I sent them the new form. A few weeks later, they sent back a letter asking me to send them the letter from California and the notice from the Credit Union that they held no lien on the car. Naively I assumed they didn’t need that again, since they saw it the first time. Surely they would scan it and have it in their records.
So I resent the new form, with the letter from California and the lien release.
Success, finally in the beginning of December, I received a title in the mail from the State of Minnesota.
The next day, we went to Newgate School, which teaches car repair, and gave them the title and the keys to the car. I held the title for less than 24 hours. Two days later, they towed the vehicle from our garage. I hope someone learns something about bodywork, and someone else gets a decent car in return.

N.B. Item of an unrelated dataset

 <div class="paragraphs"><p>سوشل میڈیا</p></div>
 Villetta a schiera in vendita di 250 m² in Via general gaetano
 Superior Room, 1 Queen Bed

We got our garage back, which the new car barely fits.
I thought about calling this post “DMV: Or why people hate their government”. People often have unpleasant experiences with their government, especially the bureaucratic end (as opposed to the other non-bureaucratic end, like ?). DMV is perhaps the most common and most regular, but I could discuss the planning and permitting offices of local government, which are needlessly bureaucratic and succeed in preventing me from legally doing ethically reasonable things with my property. I don’t want to pick on Minnesota DMV (technically Driver and Vehicle Services here), since when I get my driver’s license, the line is far shorter than say it was in Maryland or California.

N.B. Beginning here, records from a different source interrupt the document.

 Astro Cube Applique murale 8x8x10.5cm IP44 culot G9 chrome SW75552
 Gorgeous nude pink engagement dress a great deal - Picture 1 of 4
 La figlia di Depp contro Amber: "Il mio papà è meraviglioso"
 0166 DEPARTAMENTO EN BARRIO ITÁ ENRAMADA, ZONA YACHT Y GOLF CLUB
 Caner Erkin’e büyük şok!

My main gripe has been the annual vehicle registration DVS has. I can do it online, if I pay an extra fee, or I can do it the old-fashioned way and write a check, which is cheaper to me, and must be costlier to them. Does no-one think about incentives?
Further, it was clear what I wanted on my first letter to them (the title to my car which they know I own and I have registered legally here for 13 years), they should have been able to handle it, or called and asked if they could tick a different box on a different form if that is what makes their databases happy. I could have done this in person, but mailing a letter is faster in terms of using less of my scarce time, though not faster in terms of solving the problem in real-time. In short, I would like people to think about ends and not just means.
California really shouldn’t be dumping data after 4 years either (are hard drives that expensive?). They must have some privacy rationale, but really, this is a car title, it is in the national registry, they should have been able to handle this too.
(In short, no wonder gun owners don’t want to be registered.)